Let’s see which programming languages are the most popular. We’ll look at the top 25.

ggplot(aggregated_counts[1:25], aes(x = reorder(Tag1, -N), y=N, fill = Tag1)) + 
  geom_bar(stat='identity', position = 'dodge') +
  labs(x='Tag', y='Count', title = 'Top 25 Most Popular Tags', fill = 'Tag Name') +
  theme(axis.text.x=element_text(angle=90, hjust=1)) +
  theme(plot.title = element_text(hjust = 0.5))

It looks like php wins. Now, let’s look at summary statistics for the aggregated_counts data.table:

summary(aggregated_counts)
 aggregated_counts  N           
 Length:20050       Min.   :    1.00  
 Class :character   1st Qu.:    1.00  
 Mode  :character   Median :    3.00  
                    Mean   :   24.41  
                    3rd Qu.:    8.00  
                    Max.   :16829.00

We know from the previous project update that there are numerous singleton tags used in this dataset. Let’s remove them and only consider tags that have been used more than 25 times before proceeding.

aggregated_counts <- subset(aggregated_counts, N > 25)
aggregated_counts$N <- log(aggregated_counts$N, 10)
summary(aggregated_counts)
 Length:2087        Min.   :1.415  
 Class :character   1st Qu.:1.556  
 Mode  :character   Median :1.748  
                    Mean   :1.880  
                    3rd Qu.:2.093  
                    Max.   :4.226

This looks a little bit better. Let’s see what the distribution looks like:

ggplot(aggregated_counts, aes(x=N)) + 
  geom_density() +
  labs(x='Tag Occurrence', y='Density', title = 'Tag Density Plot') +
  theme(plot.title = element_text(hjust = 0.5))

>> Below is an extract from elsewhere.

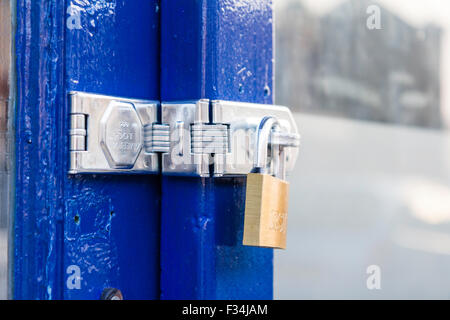 Golden colour padlock on silver lock on blue painted door frame. Close up of locked padlock. Stock Photo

That looks great. Now let’s try to group tags based on popularity to see how they may relate to the outcome variable. We’ll do this by classifying tags with a count below the mean as Unpopular, tags with a count between the mean and third quartile as Moderate, and tags with a count between the third quartile and max as Popular.

minimum <- min(aggregated_counts$N)
average <- mean(aggregated_counts$N)
third_quartile <- quantile(aggregated_counts$N)["75%"]
maximum <- max(aggregated_counts$N)

breaks <- c(minimum, average, third_quartile, maximum)
labels <- c("Unpopular", "Moderate", "Popular")
bins <- cut(aggregated_counts$N, breaks, include.lowest = T, right=FALSE, labels=labels)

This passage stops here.